→ **Data entries**

*****

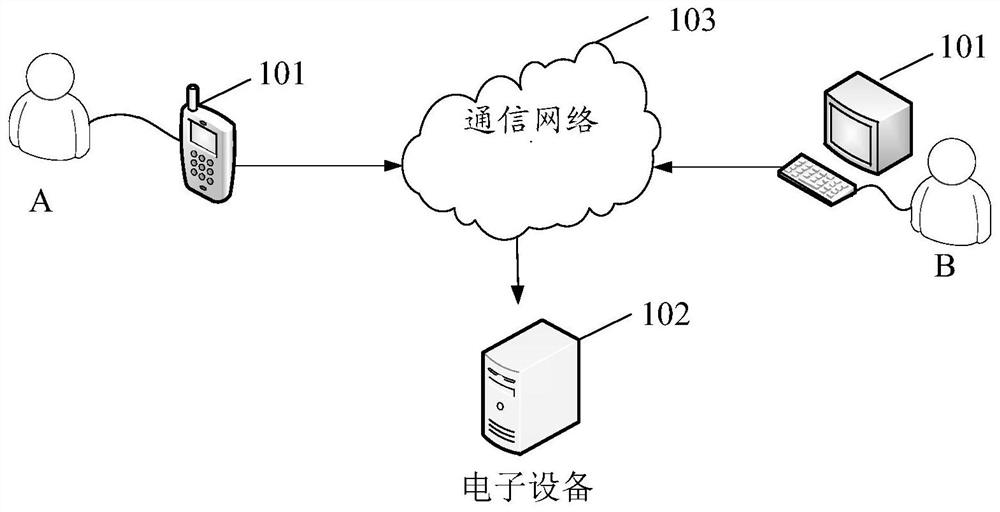 Video classification method and device, electronic equipment and storage medium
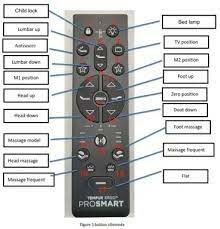 Công ty Keeson (Bình Dương) 2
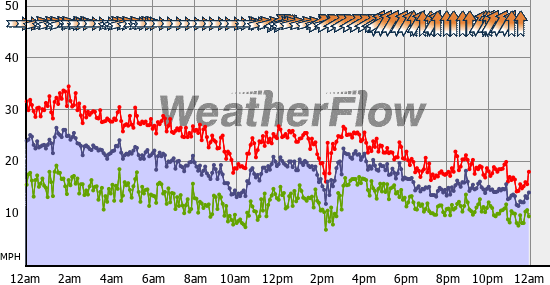 Current Wind Graph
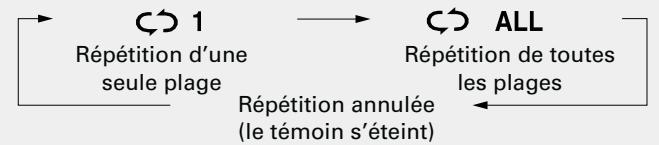 DENON D-F109C SPCW SILV./B - Répétition de la lecture (Répétition) - 2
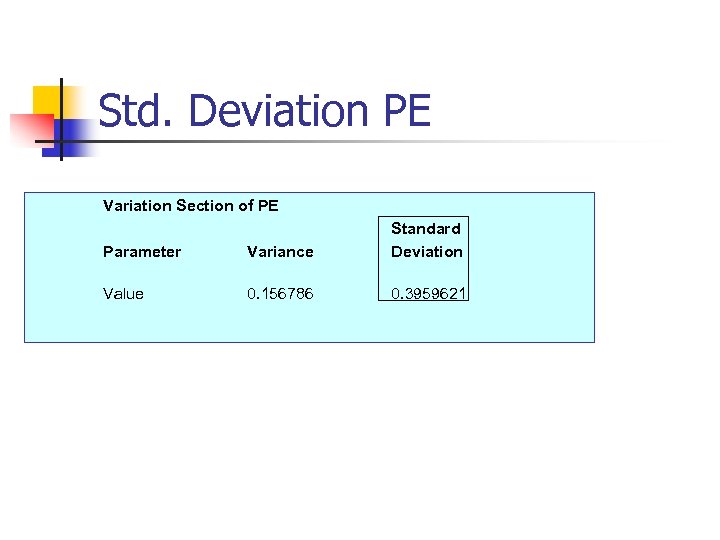 Std. Deviation PE Variation Section of PE Parameter Variance Standard Deviation Value 0. 156786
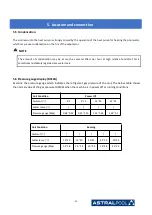 Preview for 25 page of Astralpool Elyo Smart NN 06 User And Service Manual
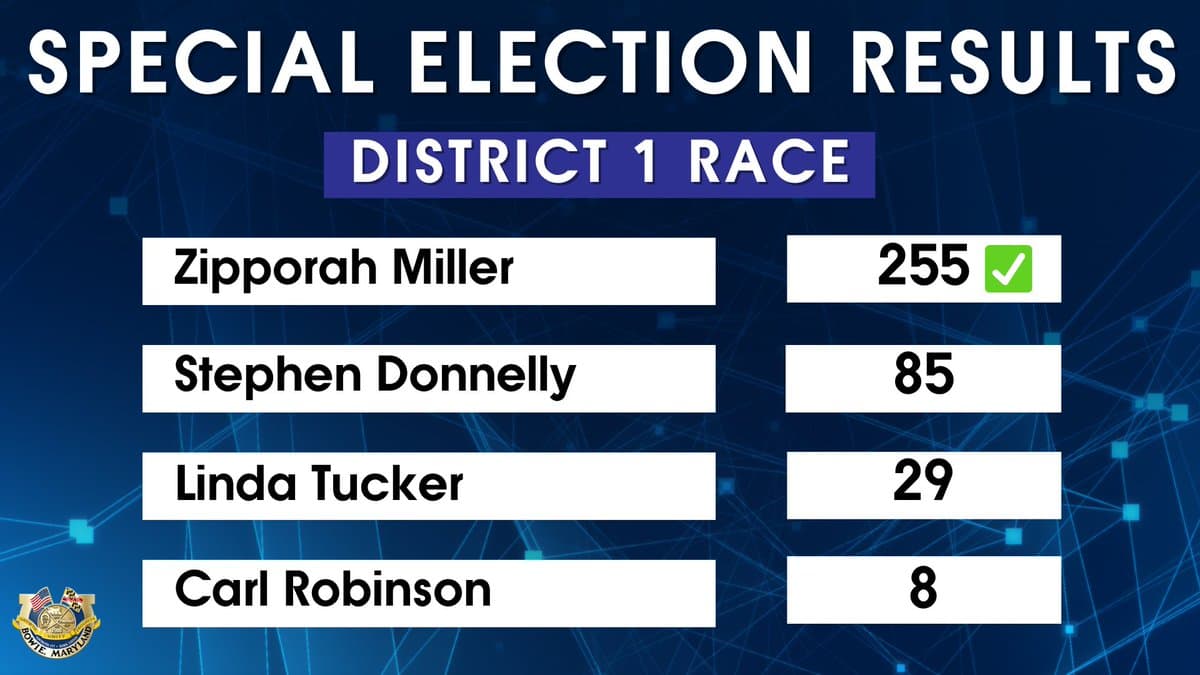 Zipporah Miller wins Bowie District 1 council seat in special election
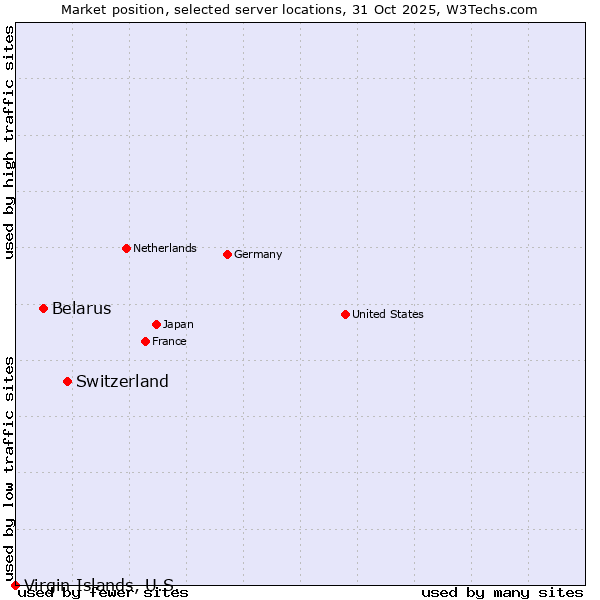 Market position of Switzerland vs. Belarus vs. Virgin Islands, U.S.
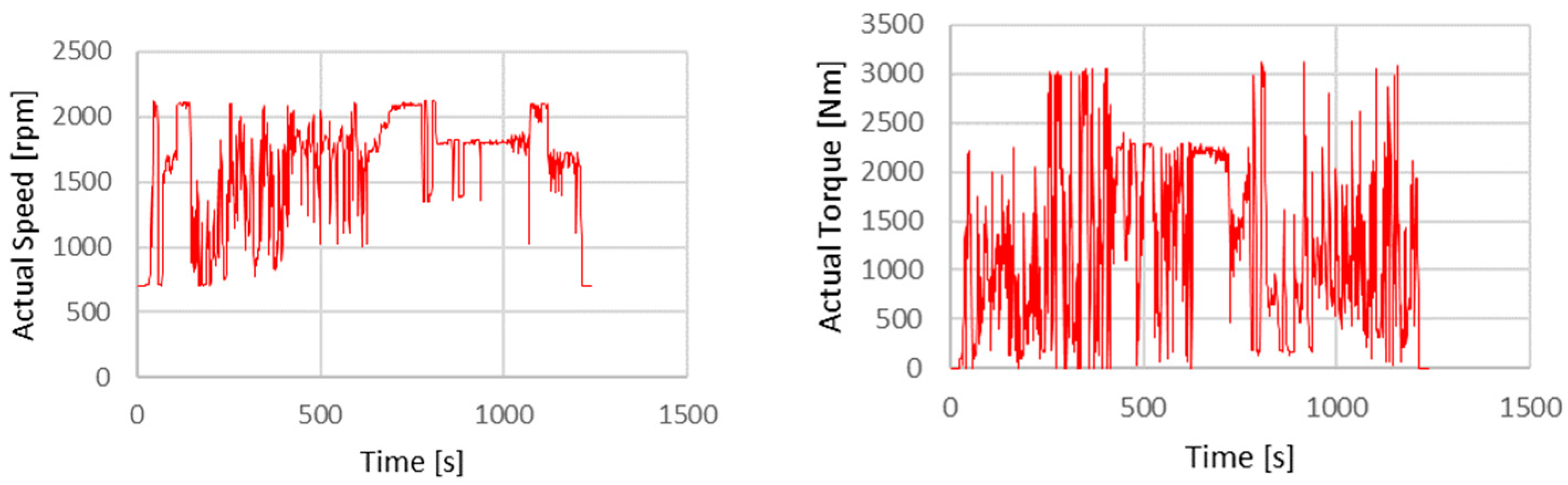 Applsci 12 02665 g002 550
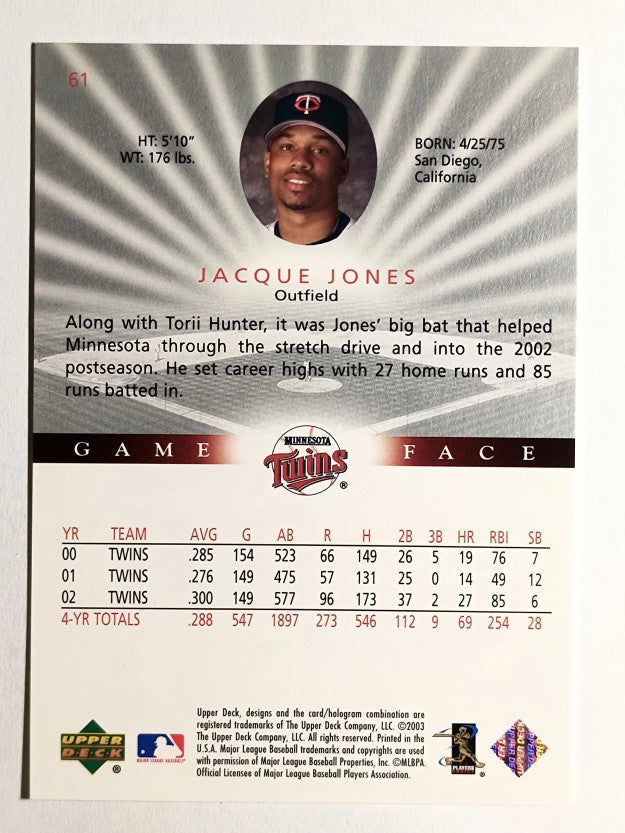 2003 Upper Deck Game Face #61 Jacque Jones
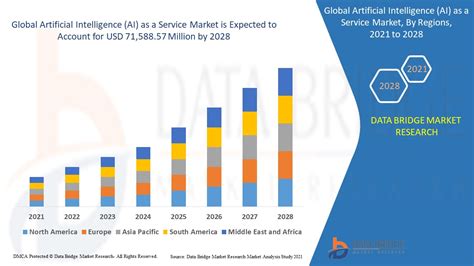 Artificial Intelligence (AI) as a Service Market – Global Industry ...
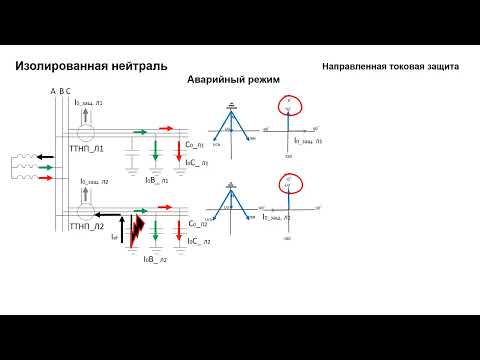 Видео: Защита от замыканий на землю в сетях с "изолированной нейтралью" ч.2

*****

→ **WORK INSTRUCTIONS**
Having removed the pictures, write out the records exactly as they stand.

→ **YOUR SOLUTION**
 Video classification method and device, electronic equipment and storage medium
 Công ty Keeson (Bình Dương) 2
 Current Wind Graph
 DENON D-F109C SPCW SILV./B - Répétition de la lecture (Répétition) - 2
 Std. Deviation PE Variation Section of PE Parameter Variance Standard Deviation Value 0. 156786
 Preview for 25 page of Astralpool Elyo Smart NN 06 User And Service Manual
 Zipporah Miller wins Bowie District 1 council seat in special election
 Market position of Switzerland vs. Belarus vs. Virgin Islands, U.S.
 Applsci 12 02665 g002 550
 2003 Upper Deck Game Face #61 Jacque Jones
 Artificial Intelligence (AI) as a Service Market – Global Industry ...
 Видео: Защита от замыканий на землю в сетях с "изолированной нейтралью" ч.2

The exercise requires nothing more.